New push to eliminate fees for school sports, clubs in Massachusetts

UXBRIDGE - A rally at the State House this week sparked a push for bipartisan legislation that would make school lunches free for children. Some educators believe the move is just the beginning.

"When you put a financial barrier between that child and that opportunity you are taking away potential," says Uxbridge Superintendent Mike Baldassarre.

He is calling for districts to abolish user fees for kids to participate in sports and clubs. Uxbridge schools did away with the fees last year and budgeted to keep the move this year as well.

Baldassarre says the fees can inhibit some kids from participating even though a child's financial situation is not their fault. Extracurricular activities can make or break if a student gets into the college of their choice.

"If you are going to put it on a college application, going to put it on an application for employment, for an experience you had in school, we are responsible for that," believes Baldassarre. "Parents have hands in their pockets all day long. There's a fee for the prom, a fee for the dance, some kids want yearbooks, some want class rings, some kids can't get them. We need to do everything we can to make the system accessible."

The Uxbridge School Committee spearheaded the change last year. Debbie Stark was on that committee, and she has several children in the school system. Even though she can afford the fees, she believes it inhibits her kids' growth if there are other children who can't play and interact with her kids.

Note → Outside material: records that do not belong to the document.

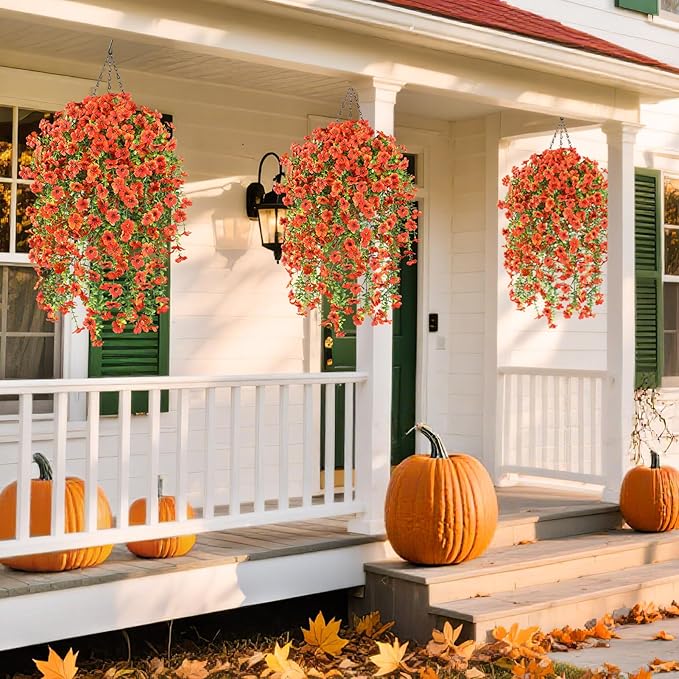 6 Bundles Artificial Fall Flowers for Outdoors Fake Plants Garden Home Fall Decor,UV Resistant Realistic Silk Faux Autumn Flower Indoor Outside Front Porch Patio Balcony Yard Farmhouse(Orange)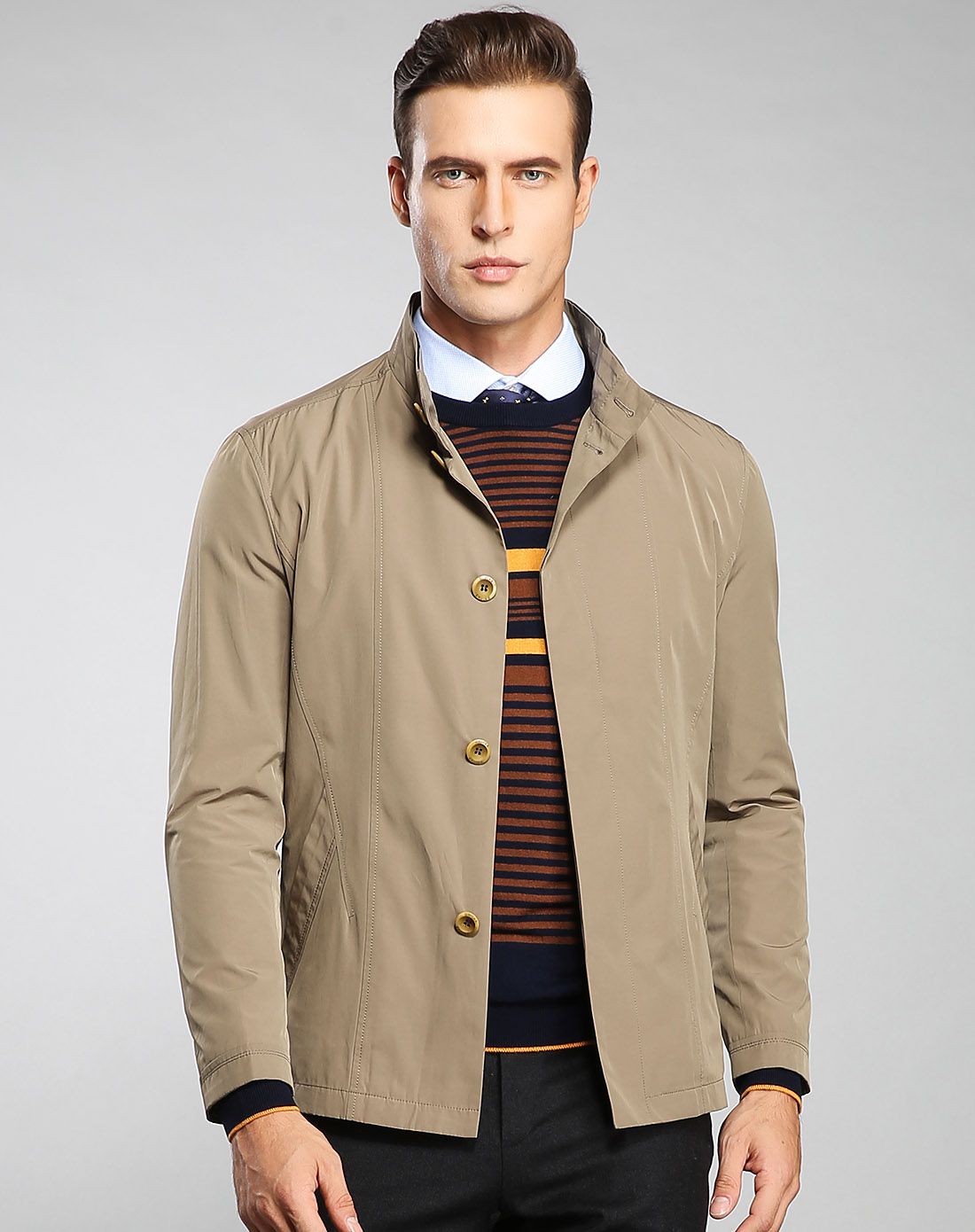 迪赛deicae男装特卖旗舰店【拆卸内胆】保暖防风小立领纽扣款风衣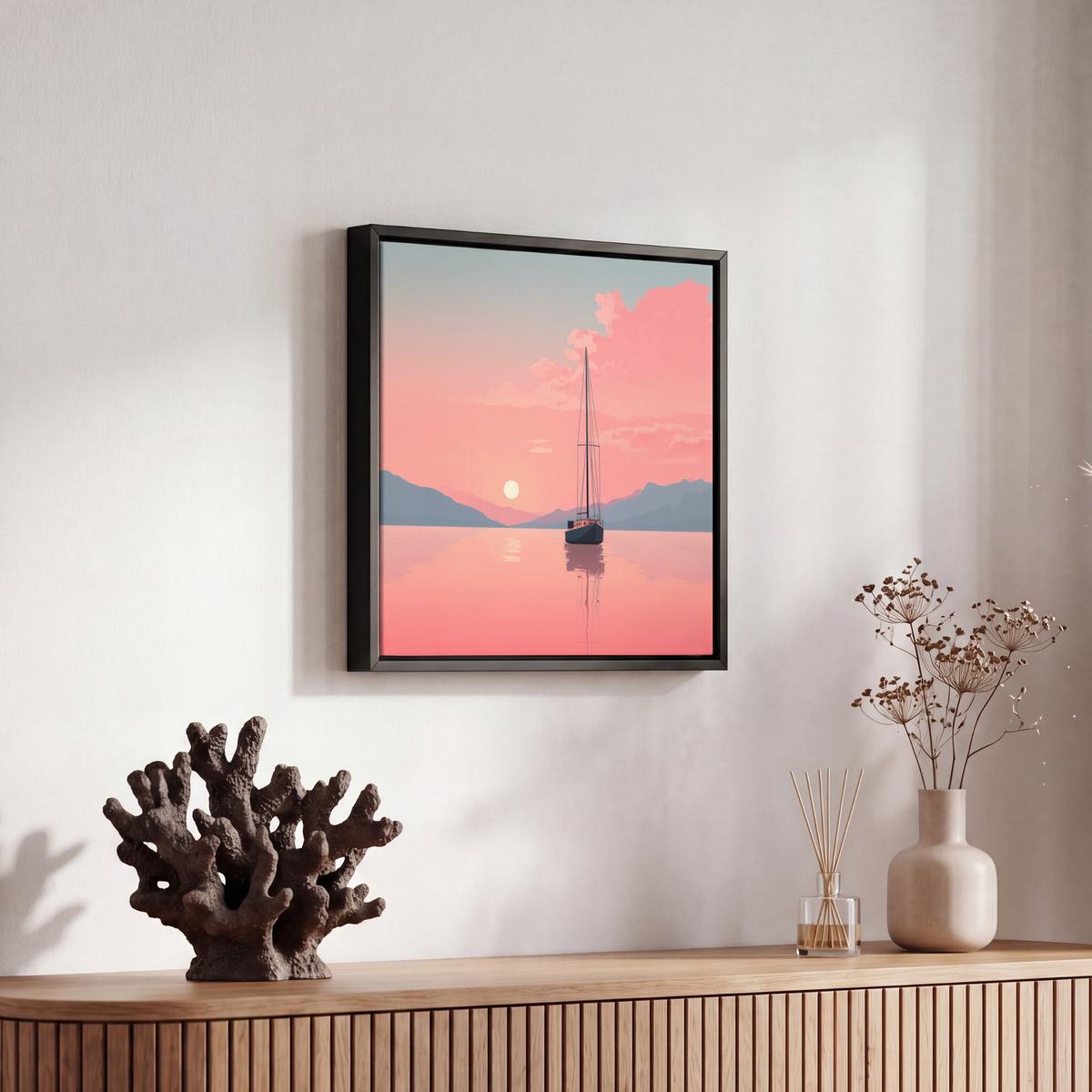 LEINWAND Bilder mit Rahmen - Segelboot - Rosa Meer - Sonnenuntergang - Berge - 20x20 - Rosa, Textil (20/20cm) - MuchoWow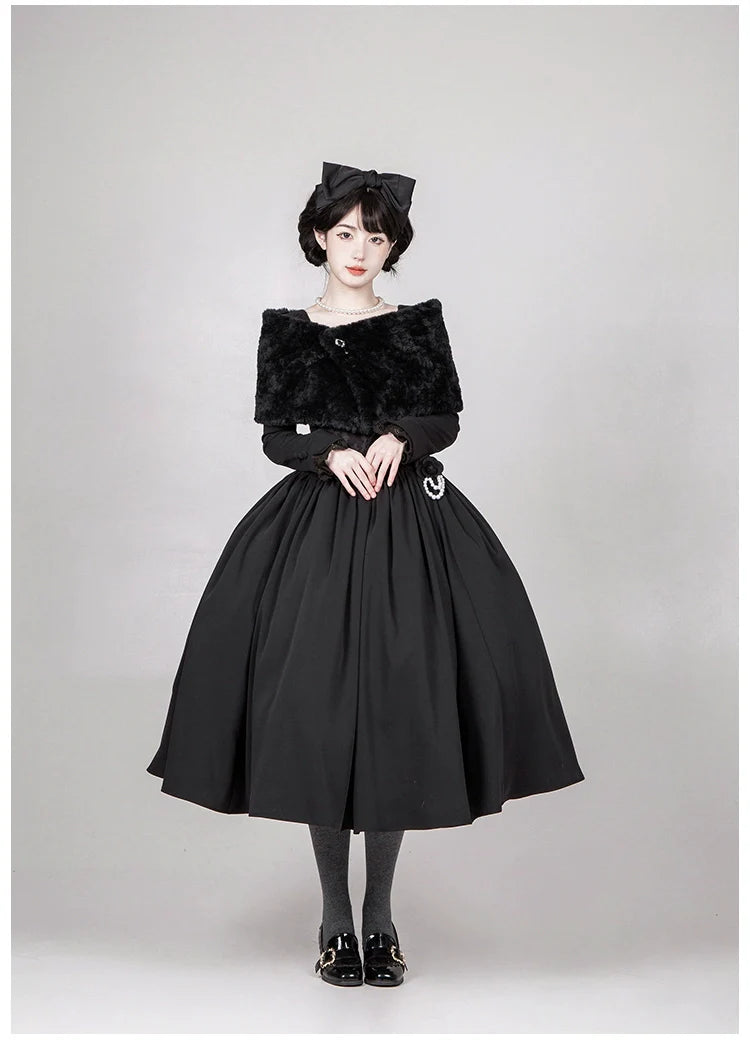 With PUJI - Old Testament - Classic Lolita Coat Black Plush Lolita Cape and Brooch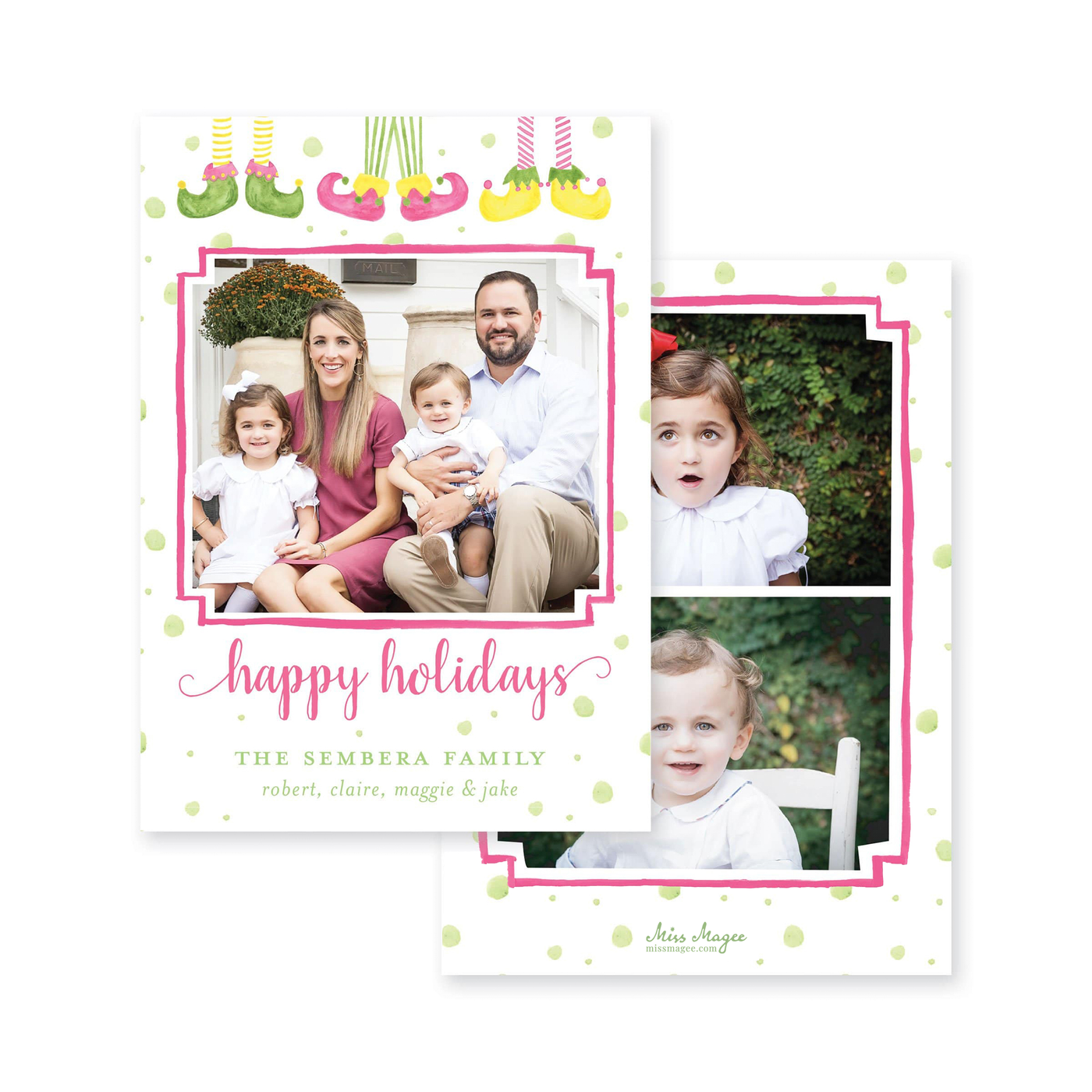 Dancing Elves Vertical Christmas Card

"I want my own children to have experiences with as many different people as possible," added Stark. "Financial reality and financial perception is not what the student is able to control. There is potential that students aren't even taking the step to engage their families [about joining a sport or club.] They are concerned maybe their families can't support that."

"My kids play field hockey, basketball, track, and tennis," said Janice Ouelette, a parent with three children in Uxbridge schools. "Times three it got to be very expensive to sign them all up at the same time."

Uxbridge schools do receive additional funding from the state, but Baldassarre says any district can budget for this. The district has faced opposition from parents who want to pay because they believe it will give them better programs overall.

"My response is it's our responsibility to provide a great program," argues Baldassarre.